Chief Brown Releases information and body cam from protest
Posted by SLC Police on Thursday, July 11, 2019
SALT LAKE CITY, Utah, July 11, 2019 (Gephardt Daily) — Six hours after community activists staged a news conference blaming Salt Lake City police for the violence that occured Tuesday during a building-occupation protest of Salt Lake City’s proposed inland port, police fired back.
“Numerous times, we talked and dialogued with those protesters, asking them to leave,” SLCPD Chief Mike Brown said at a 3 p.m. Tuesday news conference. “When that was done, there was probably 40 to 60 on the sixth floor, about 80 percent of them left. After that, there were some that refused, and that’s where some of the arrests did occur.”
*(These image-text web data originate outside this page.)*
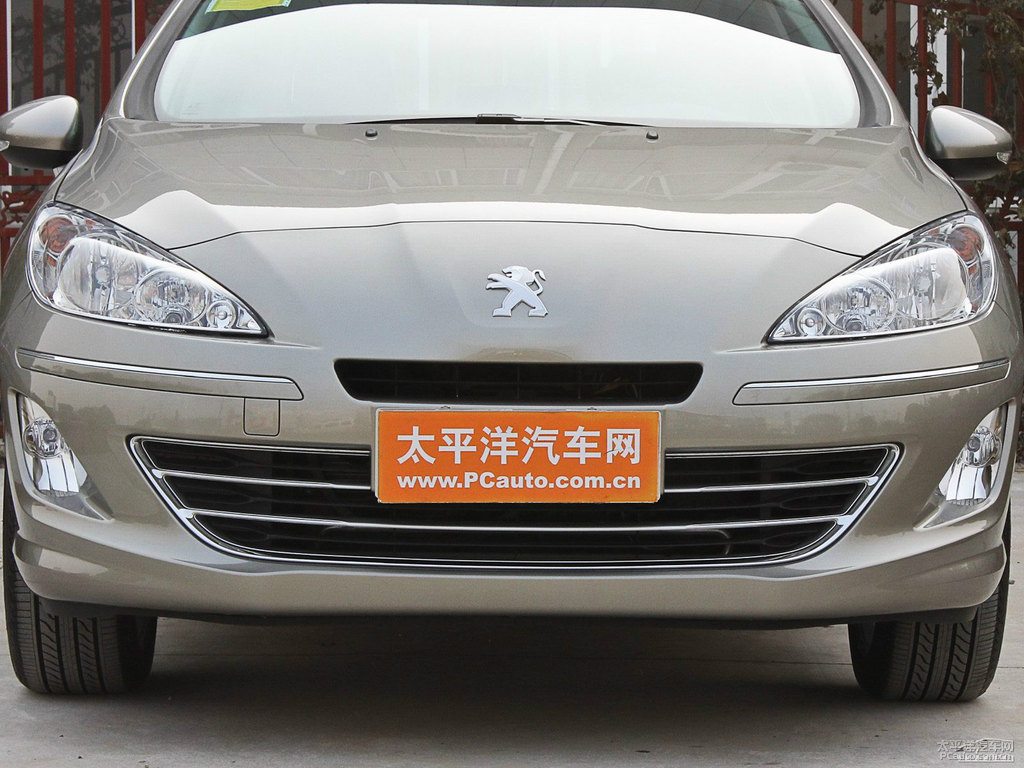 皓月灰標(biāo)致408車頭外觀圖片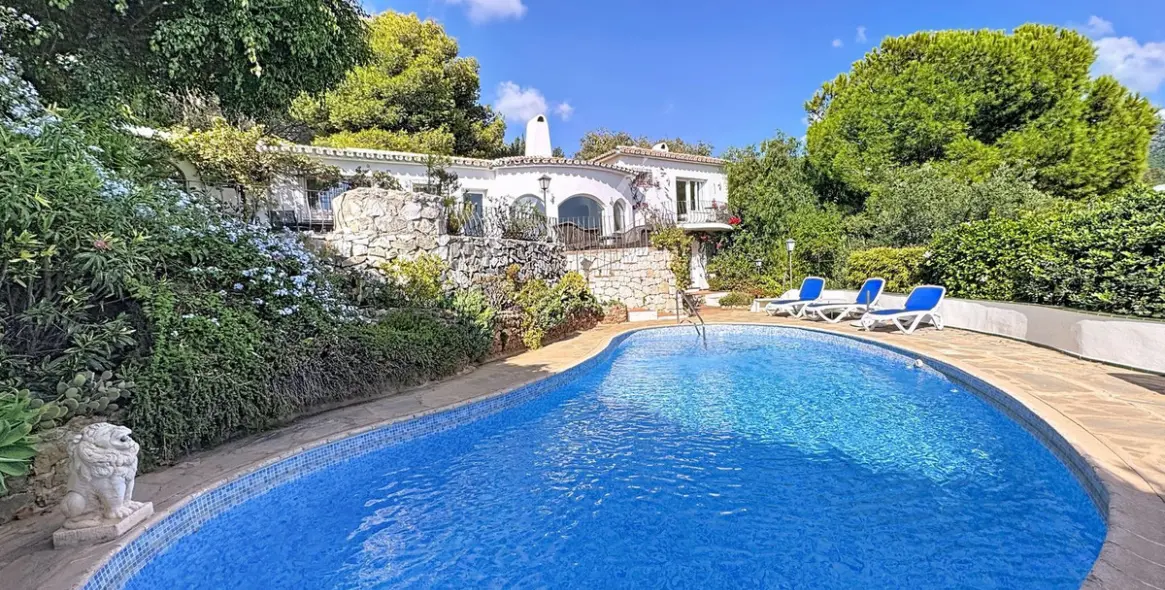 Sale of detached villa in Mijas 53
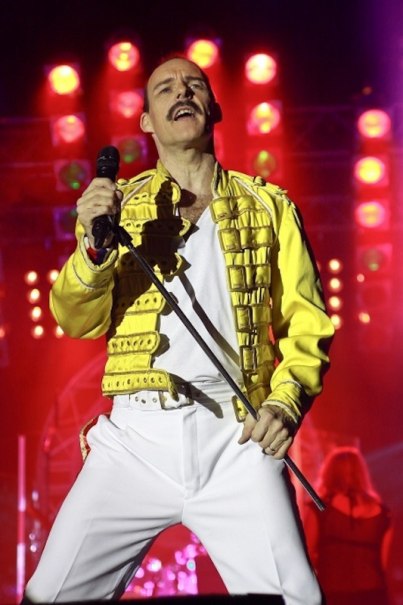 A Night of Queen - Best of Queen-perf. by The Bohemians, © die Halle Kulturinitiative e.V.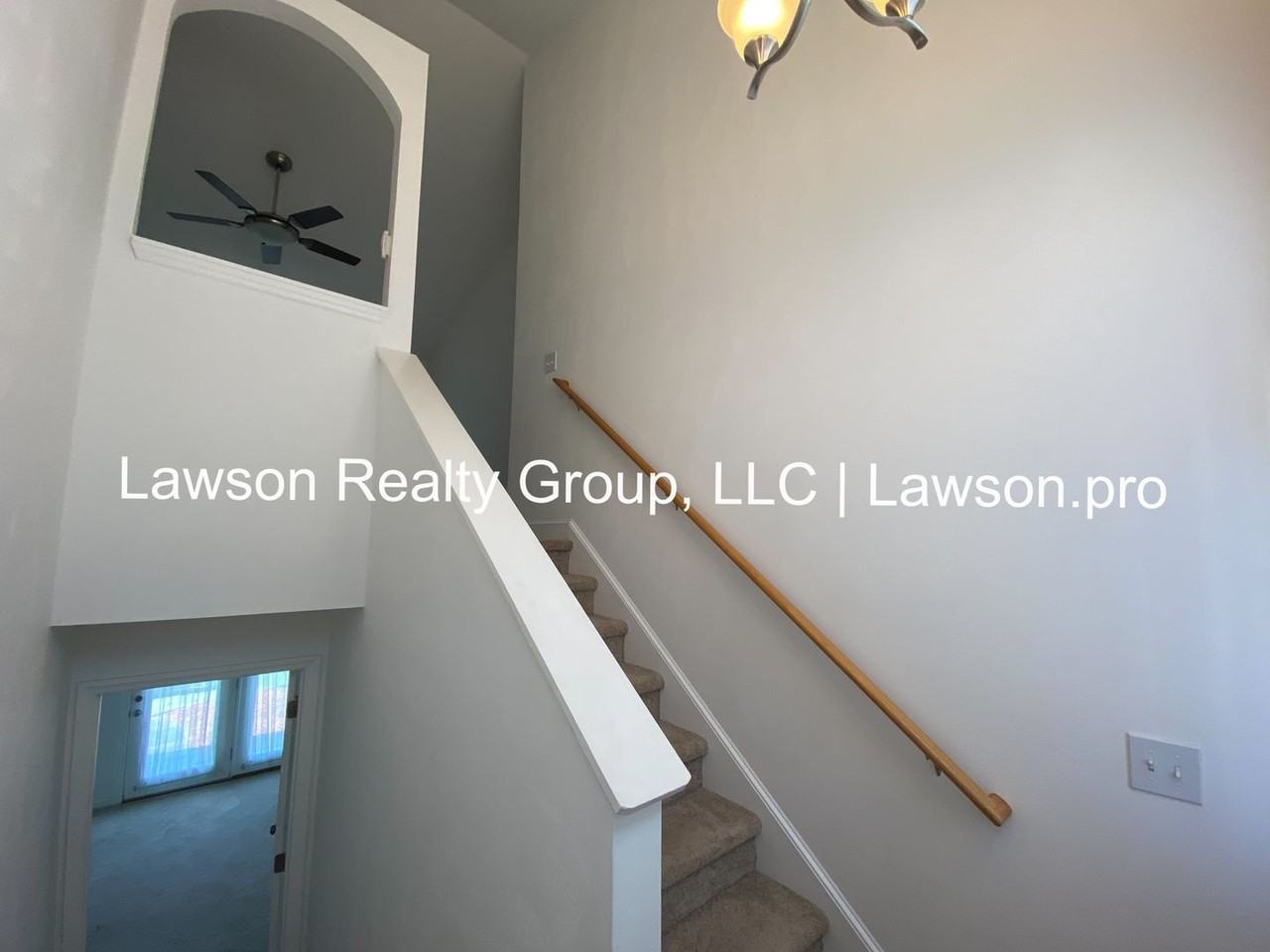 4827 Golfview Dr Ne - Photo 3 of 45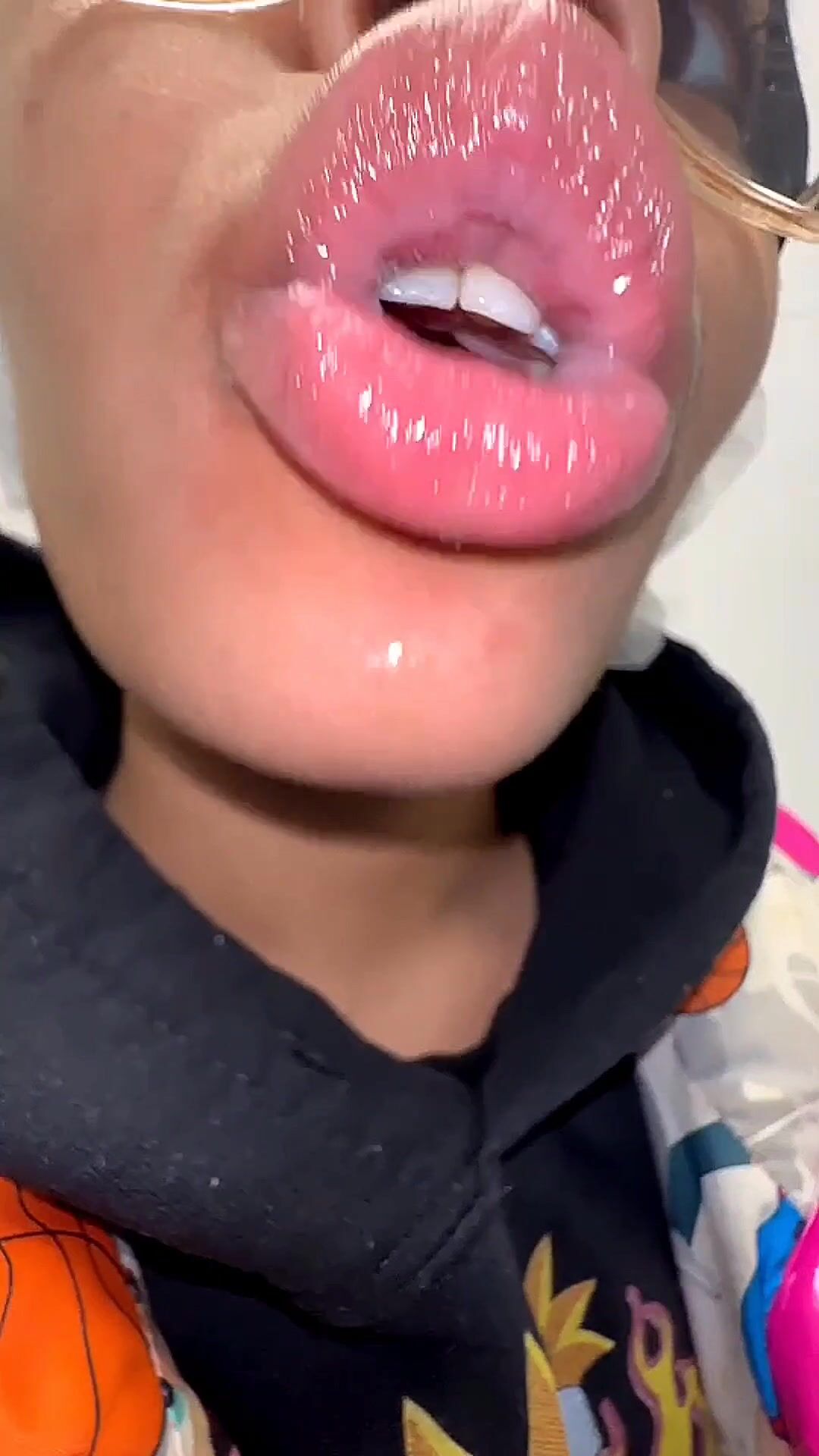 Ari HUGE tongue, mouth and throat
“Our officers were spit on, scratched, kicked, punched, and had bottles and different items thrown at them,” Brown said.
The chief then showed a video clip from an officer’s body camera that documented the wearer asking protesters to leave, and being ignored by most in the office setting. Some protesters sang and chanted as they clanged metal objects together. Others recorded video of the police. Others seemed to just avoid eye contact.
The officer wearing the body camera then told protesters they had to leave.
“Listen, there’s no reason to go to jail for this,” he said, adding that officials were “trying to be cool” and had allowed the protest to continue for 15 or 20 minutes so participants could express feelings.
The video showed that at that point, more protesters joined in the chanting, which became louder.
Brown, who said he did not see the news conference staged at 9 a.m. by protest organizers, shared numbers with reporters on the scene.
- Police were called to the scene by employees of the Chamber of Commerce, he said, and arrived at 2:17 p.m. Tuesday.
- In all, 119 body camera videos of the incident have been downloaded, Brown said.
- Seventy-five Salt Lake City Police officers responded to the scene of the protest.
- About 40 to 60 protesters were found occupying sixth floor offices. More than 100 protesters were in the lobby, and some protesters were on the roof.
- Ten arrests were made, more than the original report of eight arrests. Eight were made inside the building, and two were made outside.
- “We have six officers with documented assaults,” Brown said.
Brown already has initiated an Internal Affairs audit to review the conduct of officers, he said. The Citizens Review Board will be asked to review evidence in the case.
And criminal investigations will be conducted in all cases in which assaults and destruction of property occured, Brown said.
“There’s a huge difference between public and private property, and that was private property,” he said.
Brown said his department is known for transparency, and results of the various reviews will be shared.
“There was a lot of restraint, a lot of officers asking people for voluntary compliance,” he said of the recordings he has reviewed.
Salt Lake City Police have a history of protecting peaceful protesters, Brown said.
“It’s been a hallmark of our society that we protect these rights,” he said.
Brown said that assault on officers, citizens or members of the news media would not be tolerated, nor would destruction of property.
“If you want to come to Salt Lake City and express your views, do it in a respectful, lawful manner.”